Copy exactly the lines from the one containing "Korean Men Plaid" through the last line of the records, both included, and nothing more.

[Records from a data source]
--

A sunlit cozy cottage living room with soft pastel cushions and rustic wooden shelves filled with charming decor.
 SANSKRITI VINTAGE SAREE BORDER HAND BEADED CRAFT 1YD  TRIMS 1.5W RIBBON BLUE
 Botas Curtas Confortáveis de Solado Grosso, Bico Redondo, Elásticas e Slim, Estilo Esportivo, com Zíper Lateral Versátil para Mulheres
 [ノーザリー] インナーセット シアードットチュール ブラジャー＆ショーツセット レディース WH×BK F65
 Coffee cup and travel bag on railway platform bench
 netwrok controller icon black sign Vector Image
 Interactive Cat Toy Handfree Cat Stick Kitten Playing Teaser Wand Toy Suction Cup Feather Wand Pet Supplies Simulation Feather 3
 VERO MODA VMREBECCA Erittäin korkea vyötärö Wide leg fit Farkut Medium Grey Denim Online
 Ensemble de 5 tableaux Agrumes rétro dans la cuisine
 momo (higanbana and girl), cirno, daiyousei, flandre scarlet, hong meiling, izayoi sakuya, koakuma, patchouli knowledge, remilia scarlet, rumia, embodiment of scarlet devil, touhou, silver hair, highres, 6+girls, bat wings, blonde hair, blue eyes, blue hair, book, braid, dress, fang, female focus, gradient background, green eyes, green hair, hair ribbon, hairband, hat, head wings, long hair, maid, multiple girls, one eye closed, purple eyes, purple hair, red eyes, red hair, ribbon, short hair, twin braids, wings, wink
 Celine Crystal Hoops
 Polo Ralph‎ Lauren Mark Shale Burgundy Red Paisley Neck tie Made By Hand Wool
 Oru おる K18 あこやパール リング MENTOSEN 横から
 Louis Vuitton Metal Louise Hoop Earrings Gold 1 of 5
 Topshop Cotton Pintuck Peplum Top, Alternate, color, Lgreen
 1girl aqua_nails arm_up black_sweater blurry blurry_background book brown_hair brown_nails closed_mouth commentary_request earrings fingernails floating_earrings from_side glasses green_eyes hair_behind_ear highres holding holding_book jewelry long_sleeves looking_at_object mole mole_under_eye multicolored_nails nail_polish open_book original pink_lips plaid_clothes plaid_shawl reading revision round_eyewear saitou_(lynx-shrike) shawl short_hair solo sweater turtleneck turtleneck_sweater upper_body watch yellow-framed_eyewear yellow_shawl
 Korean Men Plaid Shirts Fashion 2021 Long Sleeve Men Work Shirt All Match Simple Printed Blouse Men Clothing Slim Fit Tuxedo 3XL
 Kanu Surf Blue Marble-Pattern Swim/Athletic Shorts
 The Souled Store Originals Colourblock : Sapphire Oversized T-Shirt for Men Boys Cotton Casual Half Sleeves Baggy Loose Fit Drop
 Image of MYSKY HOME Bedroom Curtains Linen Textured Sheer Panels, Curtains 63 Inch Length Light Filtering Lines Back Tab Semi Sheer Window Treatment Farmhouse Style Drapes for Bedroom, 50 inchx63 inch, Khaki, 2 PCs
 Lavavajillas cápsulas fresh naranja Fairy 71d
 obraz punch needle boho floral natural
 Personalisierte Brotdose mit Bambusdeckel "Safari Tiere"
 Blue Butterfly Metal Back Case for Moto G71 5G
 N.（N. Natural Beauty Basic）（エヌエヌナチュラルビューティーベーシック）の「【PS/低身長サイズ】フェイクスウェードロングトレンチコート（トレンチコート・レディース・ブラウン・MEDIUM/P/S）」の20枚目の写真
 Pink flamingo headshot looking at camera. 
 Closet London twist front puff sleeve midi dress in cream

--

_RESPONSE BELOW_
 Korean Men Plaid Shirts Fashion 2021 Long Sleeve Men Work Shirt All Match Simple Printed Blouse Men Clothing Slim Fit Tuxedo 3XL
 Kanu Surf Blue Marble-Pattern Swim/Athletic Shorts
 The Souled Store Originals Colourblock : Sapphire Oversized T-Shirt for Men Boys Cotton Casual Half Sleeves Baggy Loose Fit Drop
 Image of MYSKY HOME Bedroom Curtains Linen Textured Sheer Panels, Curtains 63 Inch Length Light Filtering Lines Back Tab Semi Sheer Window Treatment Farmhouse Style Drapes for Bedroom, 50 inchx63 inch, Khaki, 2 PCs
 Lavavajillas cápsulas fresh naranja Fairy 71d
 obraz punch needle boho floral natural
 Personalisierte Brotdose mit Bambusdeckel "Safari Tiere"
 Blue Butterfly Metal Back Case for Moto G71 5G
 N.（N. Natural Beauty Basic）（エヌエヌナチュラルビューティーベーシック）の「【PS/低身長サイズ】フェイクスウェードロングトレンチコート（トレンチコート・レディース・ブラウン・MEDIUM/P/S）」の20枚目の写真
 Pink flamingo headshot looking at camera. 
 Closet London twist front puff sleeve midi dress in cream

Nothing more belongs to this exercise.